Here’s another installment of excerpts from the presentation I did for my leadership team on the life of Ernest Shackleton.
One of the reasons I think Shackleton is one of the greatest leaders who ever lived because he knew how to build a good team. He was a good chooser who had an eye for talent and giftedness and he proved that he could build a team that could survive almost anything. Each of the twenty-eight-man Endurance team was picked to do a specific job and each man on the team did his job well, so each man on Shackleton’s team survived for two years in the frozen wilderness of Antarctica, when all seemed lost.
In 1914, Shackleton began his mission by picking his team, which was made all the more difficult because everyone wanted to work with him. One historian noted, “When Shackleton announced his plans to return to the Antarctic in a letter to The Times in London on December 29, 1913, he was deluged with requests. Nearly five thousand hopefuls sent applications.” Shackleton needed only about thirty men, so he began to pick his team, which he did carefully, because the mission was dangerous and the success of his mission depended on a good team.
Shackleton described the task of putting together an ideal team like this:
The men selected must be qualified for the work, and they must also have the special qualifications required to meet polar conditions. They must be able to live together in harmony for a long period of time without outside communication, and it must be remembered that the men whose desire lead them to the untrodden paths of the world have generally marked individuality. It was no easy matter for me to select the staff.

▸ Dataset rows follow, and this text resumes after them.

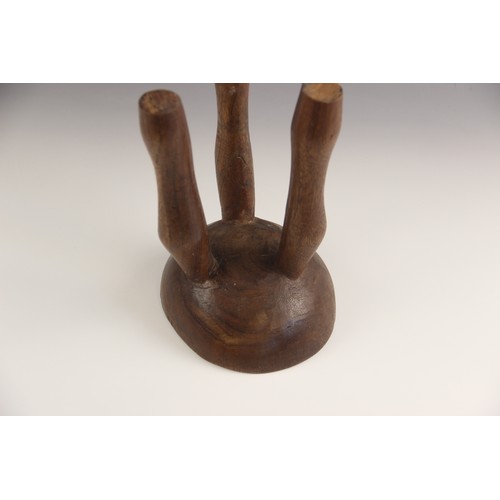 412 - An East African Karamojong tribal headrest, from Uganda, 19.5cm high, a Ugandan Hima milk pot, 24cm ... 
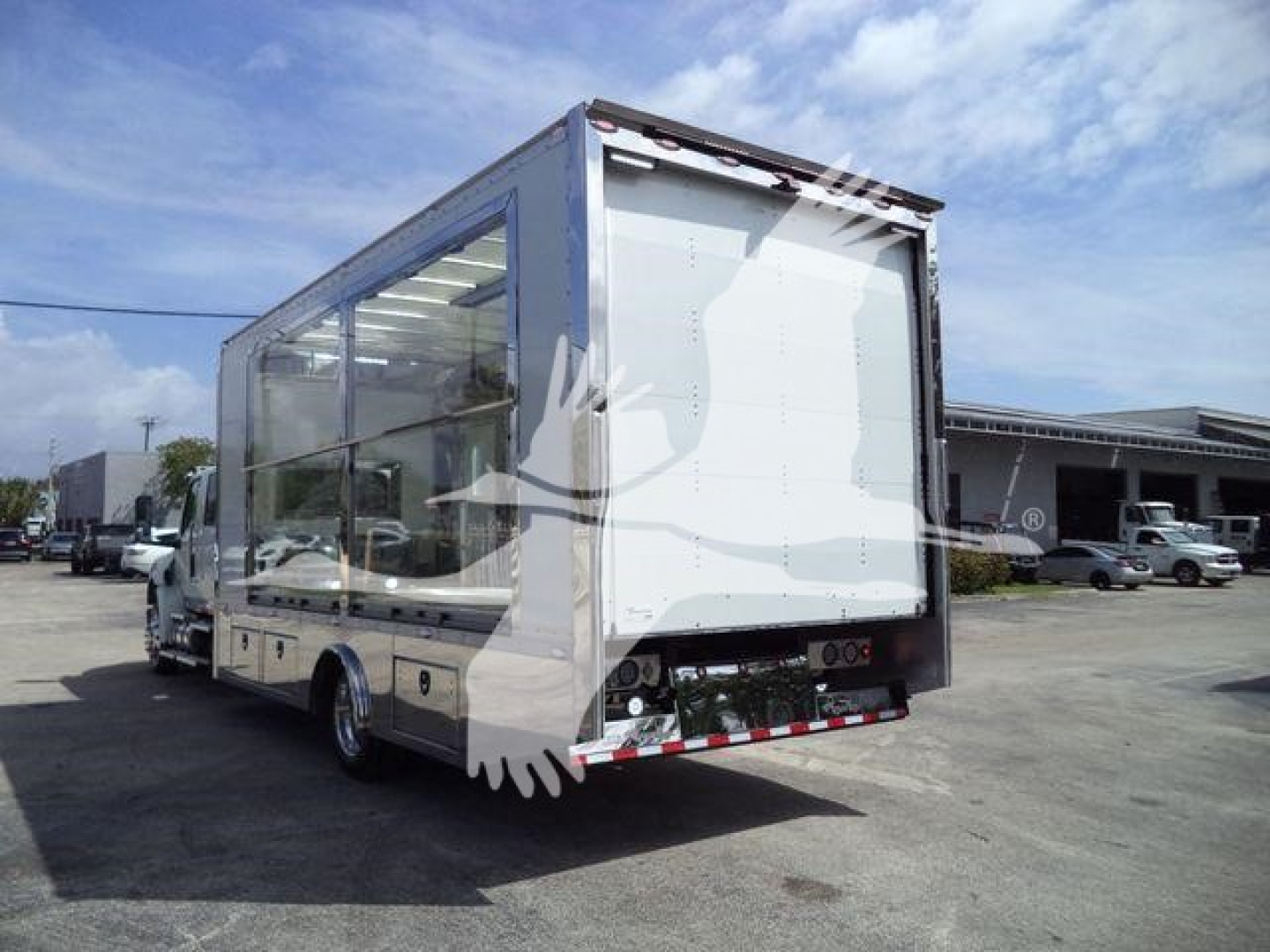 Truck body showing a large glass-sided rollback unit with transparent walls and rear loading ramp.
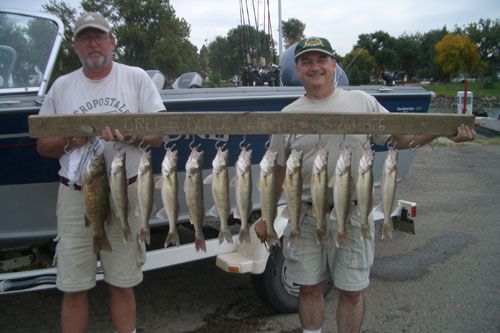 Two men holding a wooden board with numerous fish hanging from it; next to a boat at a dock.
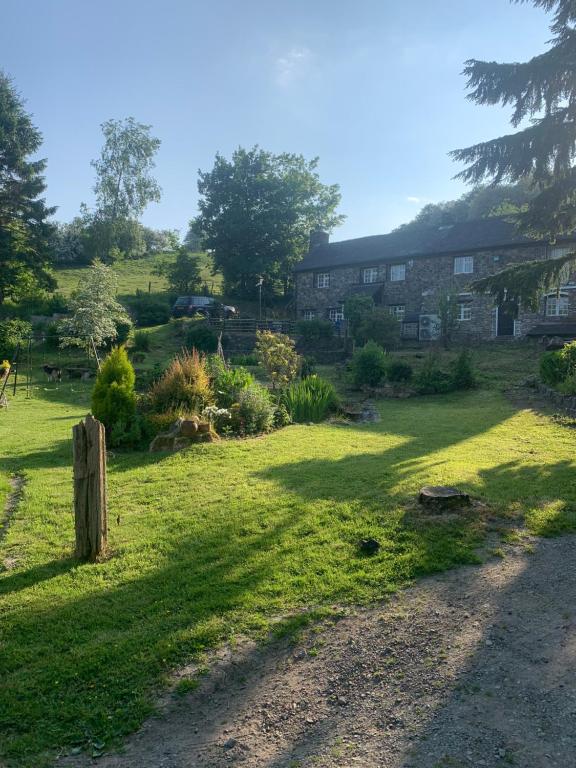 a view of the house from the garden at Pant-y-creolen in Llanfyllin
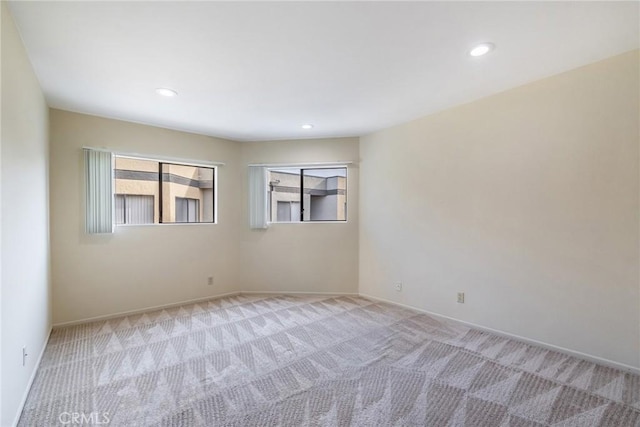 carpeted spare room with recessed lighting and baseboards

An historian commenting on this mission pointed out, “There were no passengers on board the Endurance,” so when the Endurance became stuck in the ice on January 18, 1915 (where it stayed until eventually being crushed by the ice nine months later on November 21), and the men began a long fight for survival, every person did what they were chosen to do, so all twenty-eight men survived.
Leaders now study the life of Ernest Shackleton to learn how to survive in a crisis and they find that—even though his mission failed—every man survived against impossible odds, because Shackleton picked a good team and made sure that each member of that team understood his role.
Shackleton’s Way of Selecting and Organizing a Crew:
1) Start with a solid crew of workers you know from past jobs or who come recommended by trusted colleagues.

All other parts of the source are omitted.